Since the Port Arthur massacre, Australians have surrendered more than 130,000 guns under an amnesty introduced as part of a bid to reform the country's lax firearms laws. The weapons are crushed or cut in two before the owner's eyes, then tossed into an ever- increasing stockpile of scrap metal. The federal government in Canberra has taxed every Australian to build a fund of A$500,000 (pounds 250,000) to compensate gun owners under the amnesty, which runs until next October.

Gun laws are the province of Australia's six states. Their notorious reluctance to tighten their laws was shattered by Port Arthur, and most states have since introduced legislation to ban semi-automatic, military- style weapons of the type that Bryant, and gunmen in earlier mass shootings in Sydney and Melbourne, used.
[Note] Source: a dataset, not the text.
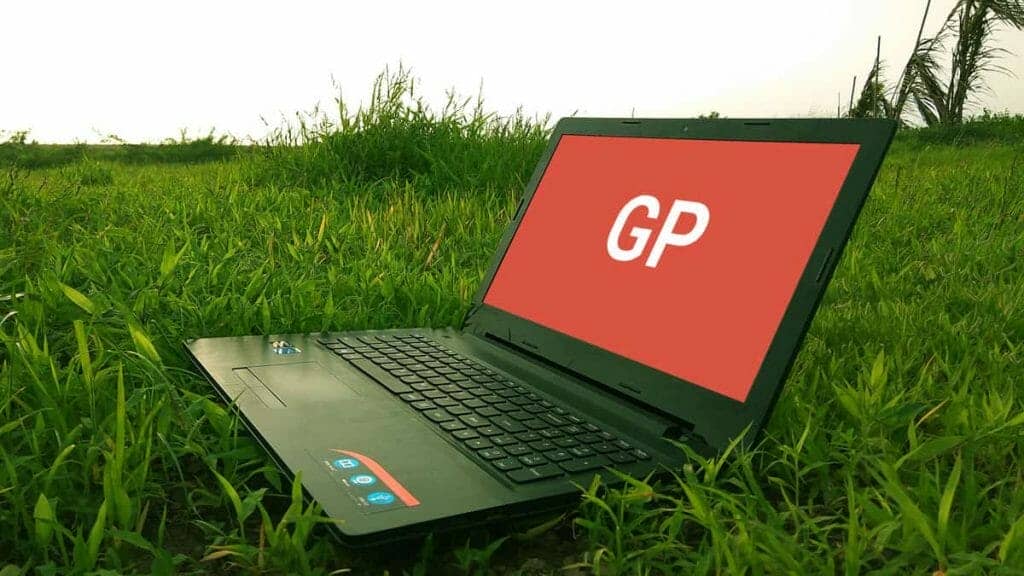 New Laptop on Grass Mockup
Tasmania, which once had the weakest laws, now has some of the toughest. Almost 10,000 banned guns have been surrendered in that state.

However, the surrendered guns are thought to be the tip of an iceberg. Estimates of the number of guns in Australia range from four to 10 million. The rural-based gun lobby is urging people to bury their guns rather than hand them in. And the Australian Coalition for Gun Control has criticised the new laws for still allowing large-scale and semi-automatic pistols, of the type Britain has banned since the Cullen report.

Roland Browne, the coalition's deputy chairman, said in Tasmania yesterday: "Our new gun laws have brought us up to the point that Britain was at before the Cullen report. Australia should draw on the Dunblane experience to minimise the availability of guns."